Friday, December 9, 2011

Everyone has to "saunter"

"Eden is that old-fashioned House." Adam and Eve had the honor of living in that House. The Garden of Eden was perfect, but they couldn’t see that. In Emily Dickinson's poem, "Eden is that old-fashioned House," the "old-fashioned House" is a symbol of tradition and your home. The Garden was all Adam and Eve knew. It was their home. They didn't "suspect... [their] abode" because they didn't know any better. Adam and Eve had complete innocence. They didn't know good and evil or that there even was such a thing. I think "[not] suspecting our abode" has to do with thinking that your "old-fashioned House" will never change. Their entire world was perfect, and they had no reason to believe that they could ever lose it. But it is curious that in her poem Dickinson would use a word such as "sauntered" to describe leaving the "Door", which no doubtedly represents the "old-fashioned House", when it seems God banished Adam and Eve. The word "sauntered" connotes a casual tone that could describe how Adam and Eve take the serpents word without questions. The act of “[seeing] that the tree [was] good food” (Genesis 3:6) and leisurely eating the apple was them “saunter…[ing] from the Door”.
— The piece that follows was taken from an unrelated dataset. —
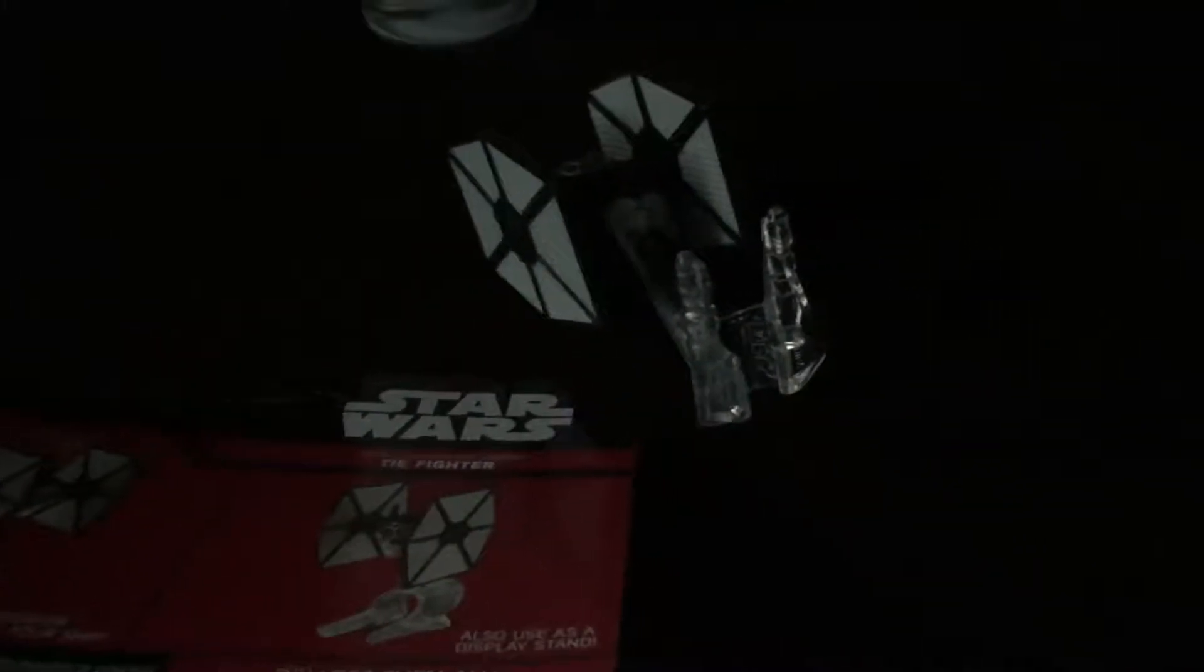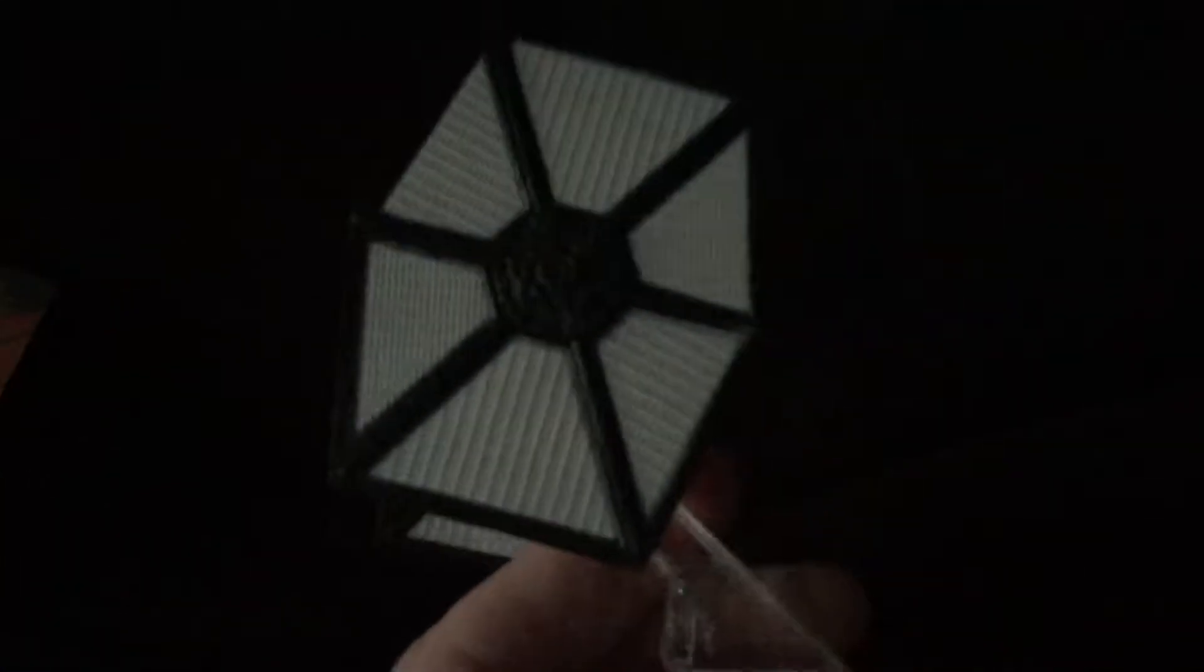Cron Man Gamer here. I'm going to show you this First Order TIE Fighter. TIE Fast model.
I think everyone goes through this experience. We all have our “old-fashioned House”, that place where we feel safe, comfortable, and, most importantly, at home. It’s not about a physical house. It’s about the environment we feel safe in. Soon, I will have to make the big step, I will have to “saunter… from the door”. I, like Adam and Eve, didn’t appreciate all that I had, and even as I type this up and am trying to appreciate it, I doubt I could ever truly see all that I have. I never once thought about how the fridge was always full, how the house was always warm, or how I was going to pay for college. Getting a “B” on my report card was my biggest problem. I never saw how good I had it and thought “the grass was always greener on the other side.” As I look forward to college, I hope that I will still be able to come back and fit right back in during the summer and see all my friends, but in truth, many of them may not be back and there won’t be any returning to my “old-fashioned House”. But like Adam and Eve, I believe that it is necessary for everyone to “saunter… from the door”. Parents help you create your “House”, but there comes a time that you have to experience the world and create your own “House” for yourself and maybe a family of your own, eventually. As I “drive away” I realize this, and that I need to make an “old-fashioned House” so that one day my children can “dwell in [it]” and “saunter… from the Door” I made.
My biggest fear is not that things will change because that is unavoidable, but that I won’t be important to people when I return. My parents always told me that my brother looked up to me, and I know it’s true. I used to complain about not being able to do things because it didn’t set the right example, but now I find myself worrying that I won’t mean the same to my brother when I come back. The closer I get to leaving, I realize how much I love meaning something to someone, and I don’t want to come back to a brother who looks up to someone else. In a way I am experiencing the empty nest syndrome that parents get when their last child leaves the house. Eventually my brother will grow up just as I am growing up and won’t need me to lead him anymore. There comes a point where I will have to turn my head on the old-fashioned House” completely and make room for my old family in my new home.